Brief
Each line from the one containing "VTG Victoria's Secret" to the end of the records below should be restated word for word; please leave out all other lines.

Dataset
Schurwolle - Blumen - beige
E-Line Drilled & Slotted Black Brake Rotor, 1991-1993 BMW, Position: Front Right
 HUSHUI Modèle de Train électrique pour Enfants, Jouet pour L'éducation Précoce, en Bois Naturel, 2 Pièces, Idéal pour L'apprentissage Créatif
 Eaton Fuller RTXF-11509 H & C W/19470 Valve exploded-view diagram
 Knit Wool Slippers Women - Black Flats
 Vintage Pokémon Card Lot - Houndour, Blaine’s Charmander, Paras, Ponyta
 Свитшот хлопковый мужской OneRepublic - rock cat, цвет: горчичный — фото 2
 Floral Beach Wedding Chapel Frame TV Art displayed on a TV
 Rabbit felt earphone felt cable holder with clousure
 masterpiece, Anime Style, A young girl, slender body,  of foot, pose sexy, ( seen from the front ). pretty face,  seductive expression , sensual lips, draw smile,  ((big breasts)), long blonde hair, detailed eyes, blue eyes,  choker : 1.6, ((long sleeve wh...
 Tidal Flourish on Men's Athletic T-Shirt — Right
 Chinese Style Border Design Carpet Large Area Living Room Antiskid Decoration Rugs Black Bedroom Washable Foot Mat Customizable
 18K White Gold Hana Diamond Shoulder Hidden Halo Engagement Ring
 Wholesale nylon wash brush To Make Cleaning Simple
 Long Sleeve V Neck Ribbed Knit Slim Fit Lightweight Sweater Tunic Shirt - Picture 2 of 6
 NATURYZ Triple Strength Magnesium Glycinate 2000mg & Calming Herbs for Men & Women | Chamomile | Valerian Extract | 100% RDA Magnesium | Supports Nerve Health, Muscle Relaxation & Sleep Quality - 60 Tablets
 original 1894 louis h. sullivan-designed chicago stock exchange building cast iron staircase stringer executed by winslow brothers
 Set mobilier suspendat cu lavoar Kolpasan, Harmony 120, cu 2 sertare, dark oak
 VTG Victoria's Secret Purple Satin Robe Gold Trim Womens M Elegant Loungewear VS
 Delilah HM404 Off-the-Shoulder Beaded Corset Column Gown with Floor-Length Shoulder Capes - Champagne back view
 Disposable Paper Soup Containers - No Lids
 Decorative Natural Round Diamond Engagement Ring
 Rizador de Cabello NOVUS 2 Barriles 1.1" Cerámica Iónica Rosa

Solved problem
 VTG Victoria's Secret Purple Satin Robe Gold Trim Womens M Elegant Loungewear VS
 Delilah HM404 Off-the-Shoulder Beaded Corset Column Gown with Floor-Length Shoulder Capes - Champagne back view
 Disposable Paper Soup Containers - No Lids
 Decorative Natural Round Diamond Engagement Ring
 Rizador de Cabello NOVUS 2 Barriles 1.1" Cerámica Iónica Rosa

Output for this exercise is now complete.